Plot locations were selected purposively to cover the range of tree sizes and stand compositions that occur on the Savannah River Site. Field measurements were taken on 194 field plot locations selected purposively to sample across multiple vegetation classes and sizes. Of the 194 plots, 4 were dropped because it was determined that they were measured in locations outside of our target population. A summary of the tree and plot variables used for this study is provided in Table 1. Additionally, a visual representation of the empirical dbh density functions for the 8 most common species occurring on plots is shown in Figure 2. Additional forest attributes (besides dbh) used in our analyses included trees per hectare (TPH), basal area per hectare (m2/ha, BA), Lorey’s height (m, Lor.), and total cubic stem volume (m3/ha, Vol.).
Plot locations were surveyed using L1/L2 GLONASS enabled survey-grade GPS receivers. The receiver was placed at each plot’s center on a 3 m pole and a minimum of 600 1-second-epoch satellite fixes were collected and differentially corrected. We expect the horizontal RMSE for surveyed plot center positions to be less than 1 m in the pine forest types at the Savannah River Site, based upon our previous experience with positional accuracy using these receivers in a variety of forest types (e.g., Andersen et al. [32]).
Plots were assigned to post-strata using the dominant species group for the stand in which the plot was measured (the most common dominant types include: Hardwood—29 plots; Loblolly P.—76 plots; Longleaf P.—54 plots). All of the hardwood species were combined into a single stratum. Forestry staff for the site developed a tract-wide map of species groups by visually classifying stands in the field. Plots were assigned to strata by intersecting plot locations with the strata map.

2.3. Lidar Data

Lidar data were collected from 21 February to 2 March 2009 with two Leica ALS50-II lidar sensors in leaf-off conditions. Table 2 provides acquisition parameters.
Point cloud data were processed to create predictor variables for this study using the cloudmetrics executable included with FUSION software [33]. This executable computes a large number of statistics from lidar including, but not limited to, height percentiles (e.g., 90th, 50th, and 30th percentile heights in Table 3) and lidar cover (the percent of returns above a threshold, in our case 1.50 m). We also examined fraction without foliage (fwof), a modeled variable which used normalized intensity to suggest the proportion of the leaf-off lidar which did not intersect live foliage.

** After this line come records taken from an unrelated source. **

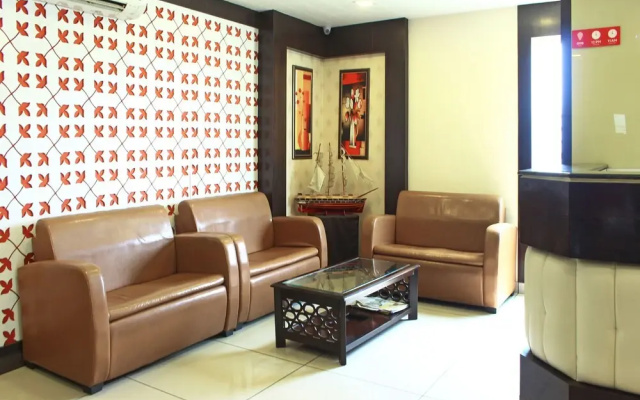 OYO 4772 Park Grand Hotel & Resort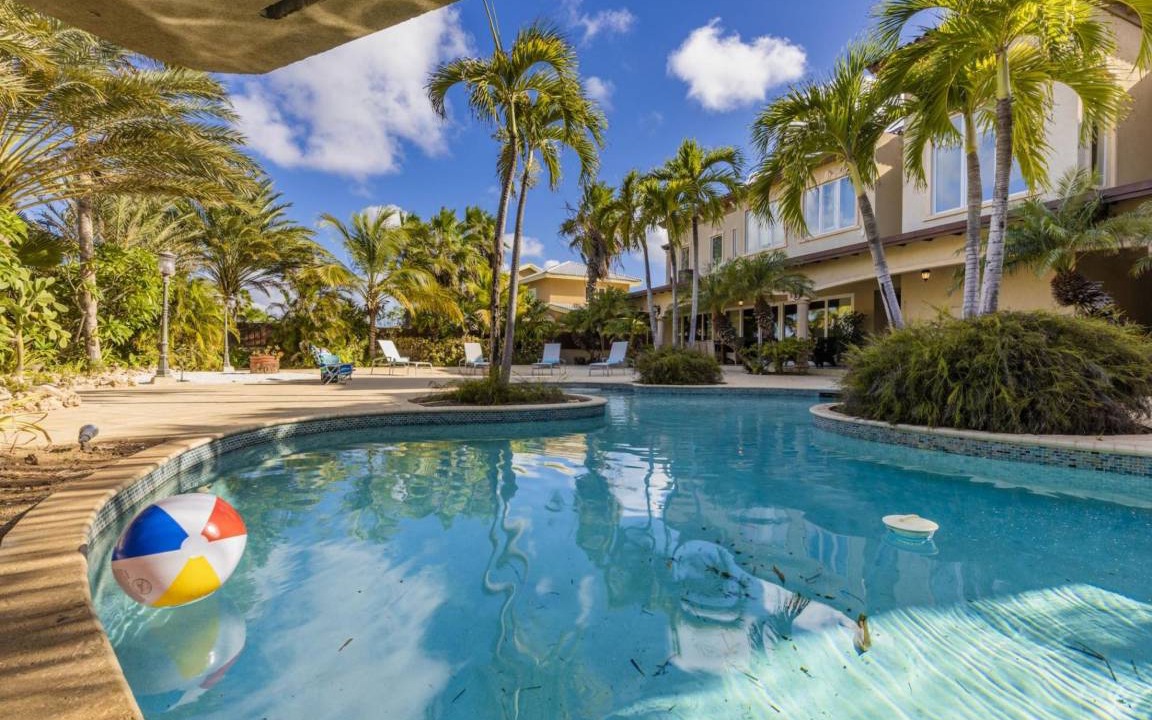 Malmok Villa | 400 m² Villa ∙ 5 bedrooms ∙ 12 guests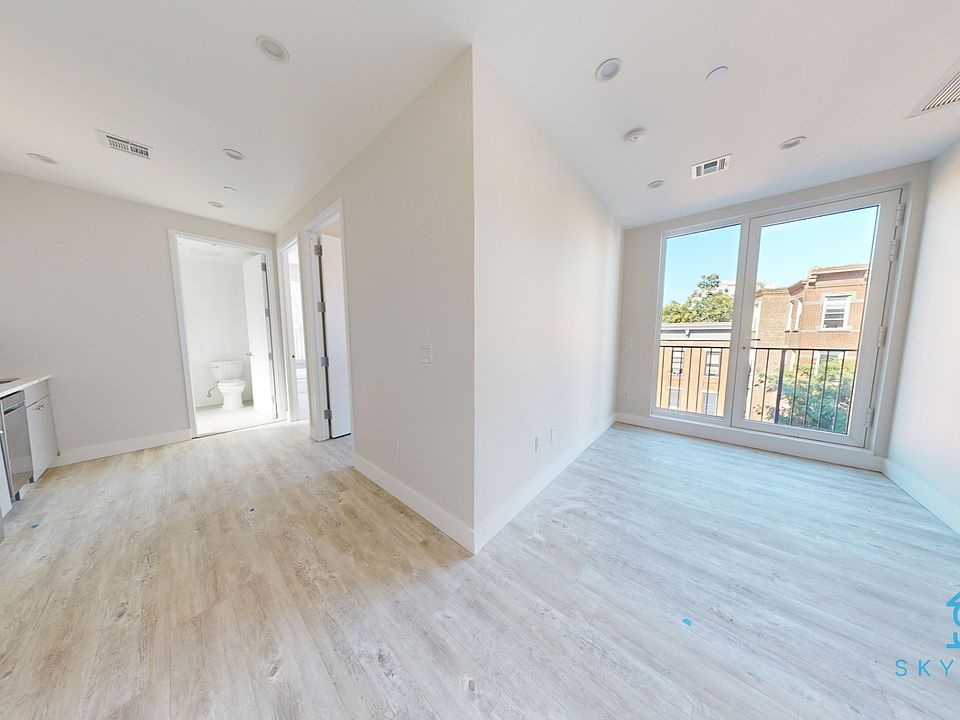 1st image of 948 Bergen St #4R
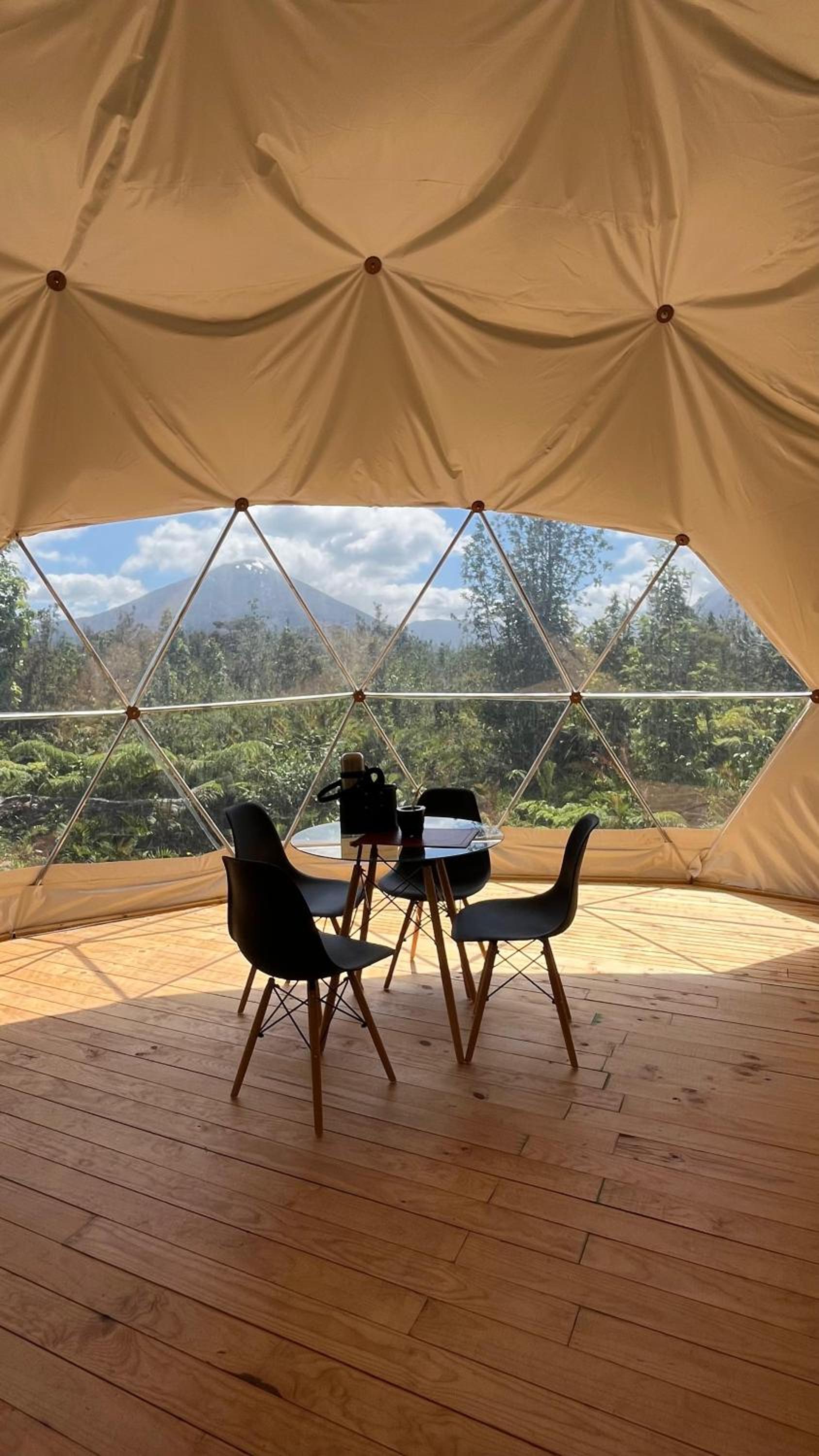 Refugio Volcán Hornopiren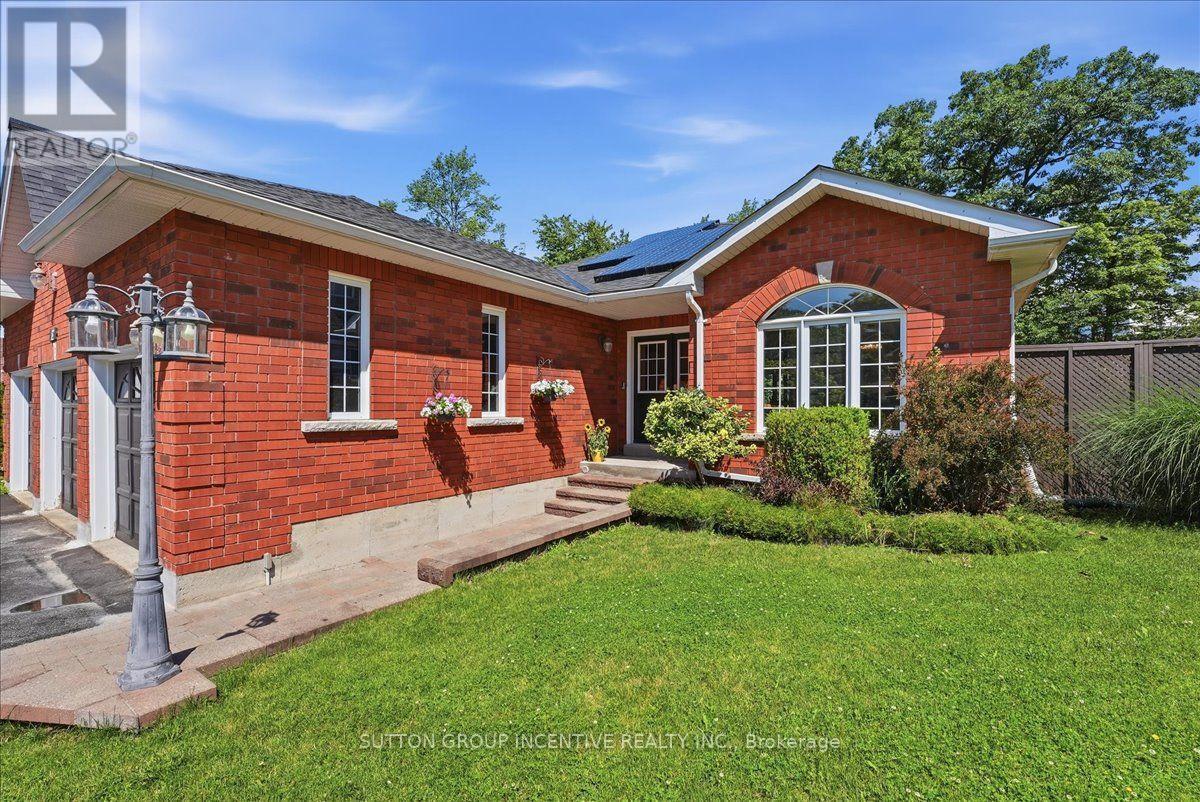 200 Cumming Drive Property Photo 4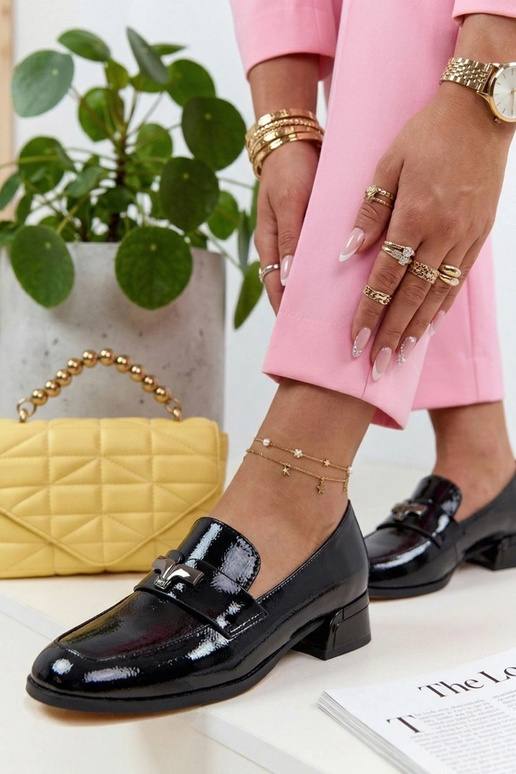 Schwarze elegante lackierte Mokassins...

2.4. k-NN Tree-List Imputation

In k-NN imputation, response variables from measured sites are shared or imputed with sites without measurements based on the degree of similarity in their auxiliary variables. The “similarity” in auxiliary variables is evaluated using a distance metric, e.g., Euclidean distance, where a large number of distance metrics have been demonstrated in the k-NN literature. The distance metrics are functions which determine how one or more auxiliary variables should be weighted and combined. The coefficients of the weight function can also depend on the observed association between response and predictor variables, theoretically weighting predictors which can better predict the response variable(s). If more than one nearest neighbor (k greater than one) is used, then a rule must be formulated to average (continuous) and select (categorical) donor response values. This procedure can be used to simultaneously impute a large number of response variables in a single step.
Procedurally, the process is as follows: (1) a distance metrics is computed between measured and unmeasured (response) observations, then (2) the k observations with the smallest distances (donors) are transferred (imputed) to the observation without a measured response (target).
For this study we relied upon the yaImpute package [34] implemented in R [35] for k-NN imputation. The identities of the donor plots (nearest neighbors) were used to impute tree-lists, as yaImpute is not currently set up to directly impute tree-lists. Based on the donors’ identities, all of the tree records from the imputed donor plots were copied to the target observation. Each copied tree was then distance weighted to generate a tree-list for the target observation. The distance weighted tree-lists from the k neighbors then became the basis for prediction of the empirical dbh density for the target observation. The choice of a weighting function for the K imputed neighbors has been shown to have limited effect on performance [28].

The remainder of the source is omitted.